There's the short answer and the long answer. The short is we use iKitesurf.
You could go ahead and leave this page, check out iKitesurf and you'll get the general idea of what might happen for the wind today.
But the long answer is going to give you a better understanding of the weather here in Northern California and your favorite kitesurfing destinations as well as help you garner some patience that will be needed in your kitesurfing career.
The long answer is we use iKitesurf, webcams, Weather Underground, NOAA and Windy.com
Why so many resources you ask? There are a number of reasons. For one example, iKitesurf's sensors aren't always at the spot you'll kite at. Sensors are sometimes located in a marina where it could be hampered by a wind shadow. Or the sensor might also be way far upwind of the usual kitesurfing area. So you can only take the iKitesurf sensors with a grain of salt. Make sure you read the human generated wind forecasts. These professionals know who they are writing/forecasting for, so you can expect a forecast that accounts for local trends and patterns.
Webcams are another powerful tool in checking out whats going on.
Unfortunately webcams can be expensive to maintain and you won't find them at every kite spot. Thankfully a few have been set up at 2 of the Bay Area's most popular kitesurfing spots.
Boardsports California has set up a webcam for Crown Beach and Coyote Point.
And a crew at 3rd Ave in Foster City put together an extensive panorama of the popular windy spot
So, if we aren't sure whats going on out there between iKitesurf and local webcams we'll turn to Weather Underground, NOAA, and Windy.
These particular kind of weather resources will paint a big picture of whats going on in your region, way zoomed out. Overtime we notice particular patterns happen when one region is a certain temperature, or how long it takes for the fog to burn off. Noticing these patterns can give you even a keener insight on what's to be expected for your beaches.

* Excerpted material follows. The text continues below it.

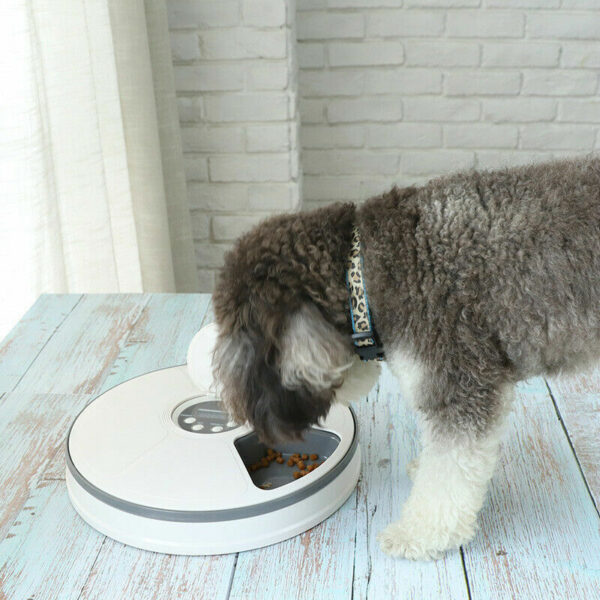 Automatic 6 Day Meal Timed Pet Dog Cat Feeder Food Bowl Auto Holiday Dispenser - Image 9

Another thing you can is find the one object that you always drive by, be it a tree, a flag, and notice what it does on windy days versus non-windy days. Gather a collection of these personal "tell-tale" spots. One of our favorite tell-tale is a tree between highway 880 in Oakland that when it totally thrashes about we know that Crown Beach is gonna be lit.
Lastly, there are 2 important things to remember when it comes to forecasting wind. 1, don't spend all day watching forecasts and webcams, just get out on the water! and 2, ask the locals what's up if you've never been there before. They know their spots like the back of their hand and will be happy to clue you in.